VO2 increased by at least 15% in these patients after volume resuscitation. That is to say, only patients with descending ramus will respond to the increase of DO2 with VO2. The use of central venous oxygen saturation (AUC 0.624) and lactic acid (AUC 0.745) could not determine whether the patient was on the descending branch of the vo2-do2 curve. If the critical value of VCO2/VO2 is greater than 1.02, the area under the curve can reach an astonishing 0.965. The low predictive value of lactic acid may reflect the physiological changes of type B lactic acid in sepsis patients. Since there is a good linear relationship between CO2 production and CO2 partial pressure, the clinical value of VCO2 can be simply replaced by the differential value of arteriovenous CO2 partial pressure. The pa-vco2 /VO2 ratio with 1.7mmHg/ml as the cut-off value showed excellent predictive efficiency (AUC 0.962).

Back to the case

Although there is no arterial blood gas to control this case, there are still some traces of venous blood gas to explore. First, the venous oxygen saturation of the patient increased, indicating a decrease in oxygen consumption (VO2). In addition, PvCO2 is extremely high. Although we cannot know the specific partial pressure of arterial blood CO2, the patient is young and has shortness of breath, and PaCO2 should be much lower than 91mmHg. Although it is impossible to calculate the value accurately, the above values indicate that the VCO2/VO2 ratio increases, suggesting that the oxygen transport of patients is lower than that of cDO2, and there is tissue hypoxia. The patient presented with elevated type A lactic acid and should be admitted to ICU.

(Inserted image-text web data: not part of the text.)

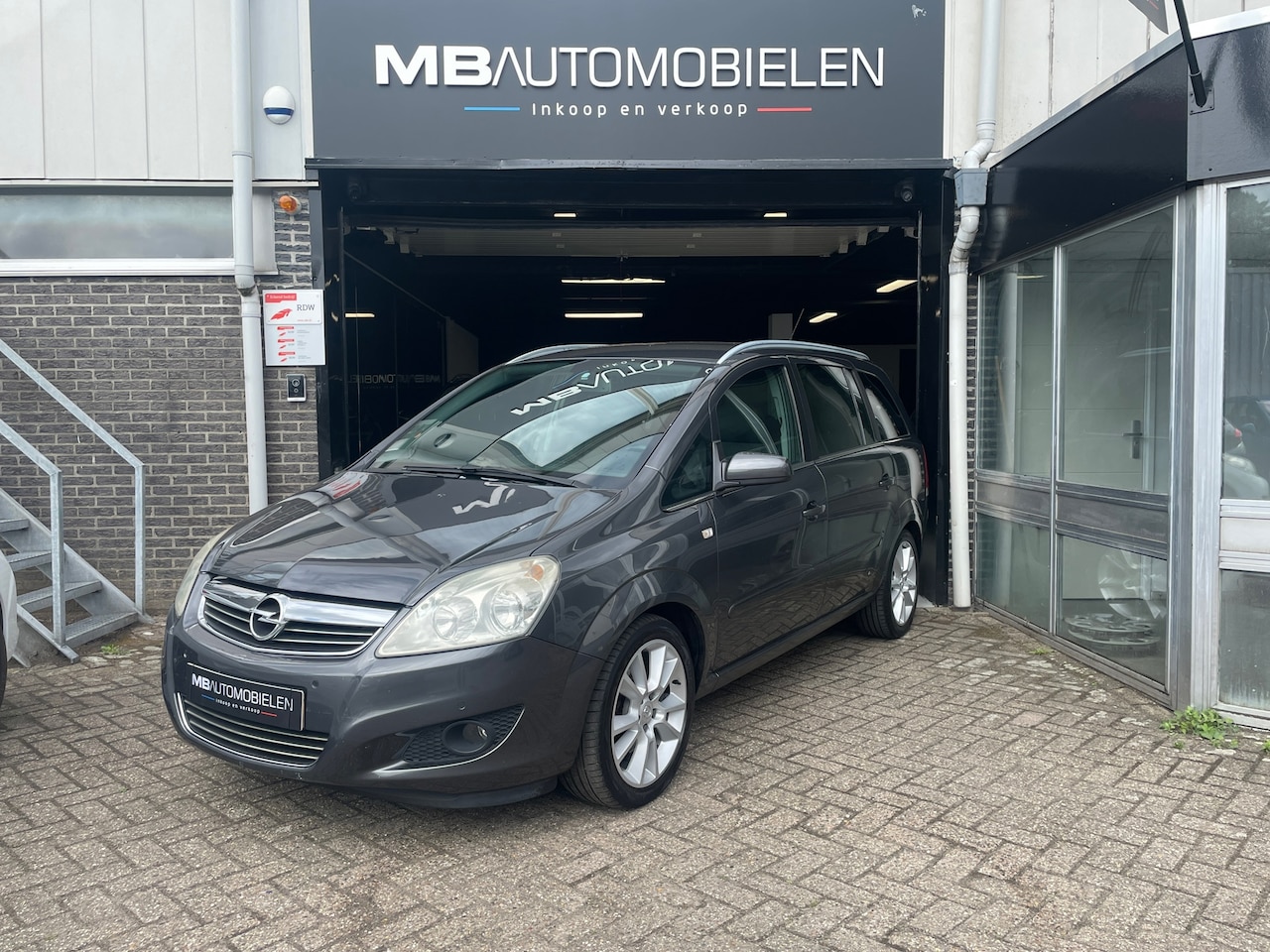 Opel Zafira - 2.2 Cosmo/1Jr. APK/Nap/7 Persoon/Trekhaak/6Bak/Airco/cruise! - AutoWereld.nl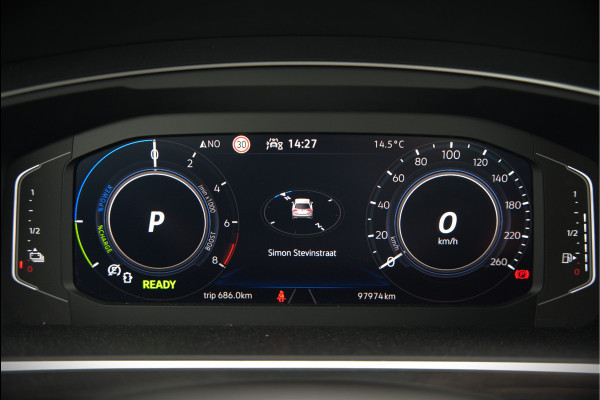 Volkswagen Tiguan 1.4 TSI eHybrid Elegance Business | Stoelverwarming | Stuurverwarming | iQ Light | Adaptive Cruise Control | Trekhaak | Apple Carplay | Navigatie | Camera | SOH 84%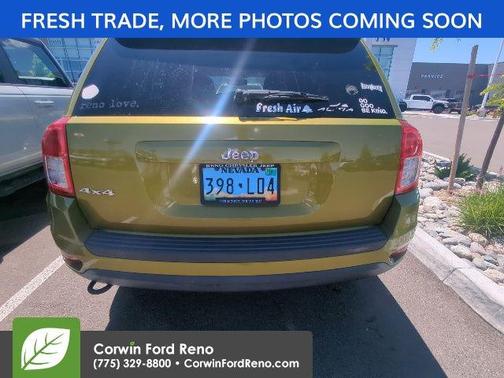 Rescue Green Metallic Clearcoat 2012 Jeep Compass Sport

Finally, it should be noted that venous blood gas analysis only reflects the peripheral tissue metabolism of venipuncture site. In clinical practice, upper arm venous blood is often used, but in Mallat studies, central venous blood is used. If the blood sample of the internal jugular vein is collected, it can also reflect the oxygen condition of the brain. Obviously, the collection site should be taken into account when interpreting venous blood gas reports.